外は晴天で空を見上げると雲ひとつない青空。
なのに、そんな空の色とは全く反対な俺の真っ黒な心。
…………もう、正直何がなんだか分からない。
自分がいけないのは十分分かってる。だけど、なんだって今日のタイミングで橘は俺に電話をかけてきたんだ。
最後に橘と会ったあの日、“中途半端は嫌いだから渚に電話はしない”と言っていたのに。
その誓いは頑なで、俺が不貞腐れたのを俺は今でも覚えてる。
なのに………なんでなんだ
強い日射しと複雑な頭ん中のせいで、こめかみの辺りがズキズキしてきて一度足を止め歩道の脇にしゃがみこむ。

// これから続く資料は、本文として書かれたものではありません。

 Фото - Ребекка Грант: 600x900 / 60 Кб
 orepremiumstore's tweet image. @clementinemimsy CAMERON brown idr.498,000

深くため息を吐き、 ふと携帯の画面を見るとメールが一件届いていた。
………もしかして
淡い期待を抱き受信ボックスを開くと向井からだった。
橘なわけないか……
と、落胆しながら中身を見ると、“ごめん”と一行書き込まれていた。
向井を責めたい気持ちもあるけど、これで親友の仲が崩れるのも嫌だ。
だけど、今は向井にどう接していいか分からない。
そんな気持ちの整理がつかない俺は躊躇いつつもそのまま携帯を閉じた。
「………はぁ……早くうちに帰ろう……」
ここに居ても頭痛は酷くなるばかりだし、とにかく早く頭を休めたい。
そんな重たい頭とダルい身体をなんとか必死に動かし、俺は再び歩き出した。